Experiments

The ff. experiments demonstrate bias-variance tradeoff for neural networks:

import torch
import torch.nn as nn
import torch.nn.functional as F

x = torch.linspace(-10, 10, 1000)
y = 3 * torch.sin(x) + torch.cos(torch.pi * x)


def model(width, sample_size, alpha=0.0, x=x, y=y):
    """Fitting a wide fully connected ReLU network."""
    
    x = x.reshape(-1, 1)
    y = y.reshape(-1, 1)
    N = torch.randint(0, 1000, size=(sample_size,))
    N = torch.sort(N)[0]
    xs = x[N]
    ys = y[N]

    net = nn.Sequential(
        nn.Linear(1, width),
        nn.Tanh(),
        nn.Linear(width, 1)
    )
    theta = net.parameters()
    optim = torch.optim.Adam(theta, lr=0.1, weight_decay=alpha)

    # 100 steps on the fixed sample
    for _ in range(100):
        loss = F.mse_loss(ys, net(xs))
        loss.backward()
        optim.step()
        optim.zero_grad()

    return net(x).reshape(-1)

Recall that we analyze variations of trained models w.r.t. samples of (1) training data \(\mathcal{D}\) and (2) test inputs \(\boldsymbol{\mathsf{x}} \sim P\). The num_models parameter in the run function below is the number of models that we train. Let \(m\) be the size of the test set. The run function returns a stack of test predictions \(\hat{\boldsymbol{\mathsf{Y}}} \in \mathbb{R}^{m \times n_\text{models}}\) for every training where \(\hat{\boldsymbol{\mathsf{Y}}}_{ij} = f_{\mathcal{D}_j}(\boldsymbol{\mathsf{x}}_i).\) It follows that the bias and variance can be calculated as follows:

\[\begin{split} \begin{aligned} \mathbb{E}_{\boldsymbol{\mathsf{x}}}\left[(\bar{f}(\boldsymbol{\mathsf{x}})-f(\boldsymbol{\mathsf{x}}))^2\right] &\approx \frac{1}{m}\sum_{i} \left( \left(\frac{1}{n_\text{models}}\sum_{j} \hat{\boldsymbol{\mathsf{Y}}}_{ij}\right) - \boldsymbol{\mathsf{y}}_i \right)^2 \\ \mathbb{E}_{\boldsymbol{\mathsf{x}}, \mathcal{D}}\left[\left(f_{\mathcal{D}}(\boldsymbol{\mathsf{x}})-\bar{f}(\boldsymbol{\mathsf{x}})\right)^2\right] &\approx \frac{1}{m \cdot n_\text{models}}\sum_{i} \sum_j \left( \hat{\boldsymbol{\mathsf{Y}}}_{ij} - \left(\frac{1}{n_\text{models}}\sum_{j^\prime} \hat{\boldsymbol{\mathsf{Y}}}_{i{j^\prime}}\right) \right)^2 \end{aligned} \end{split}\]

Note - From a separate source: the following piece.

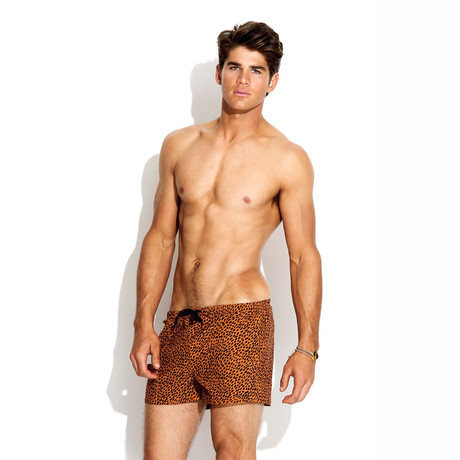 Cheetah Vintage Soccer Short Swimsuit // Burnt Orange (XS)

Note that bias computation depends on the ground truth, while variance only considers predictions.

def run(num_models=300, width=6, sample_size=6, alpha=0.0):
    y_preds = []
    for _ in range(num_models):
        y_pred = model(width, sample_size, alpha)
        y_preds.append(y_pred)
    return torch.stack(y_preds, dim=1)  # (1000, num_models)

def model_variance(y_preds):
    """Error between ensemble & preds over inputs and samples."""
    # (1000, num_models) -> (1000,) -> (1000, 1)
    y_pred_bar = y_preds.mean(dim=1)[:, None]
    return (y_preds - y_pred_bar).square().mean().item()

def model_bias(y_preds, y_true):
    """Error between ensemble & ground truth over inputs."""
    # (1000, num_models) -> (1000,)
    y_pred_bar = y_preds.mean(dim=1)
    return (y_true - y_pred_bar).square().mean().item()

Decreasing model complexity decreases variance and increases bias:

fig, ax = plt.subplots(1, 3, figsize=(12, 3.5))
plot_model(ax[0], width=16, sample_size=12)
plot_model(ax[1], width=4,  sample_size=12)
plot_model(ax[2], width=2,  sample_size=12)
fig.tight_layout()

../../../_images/85d7de454572f1b55c2a5d5cadadc789249c12586da07930511c66263ccd02f9.svg

Here it is assumed that model complexity is parametrized by network width.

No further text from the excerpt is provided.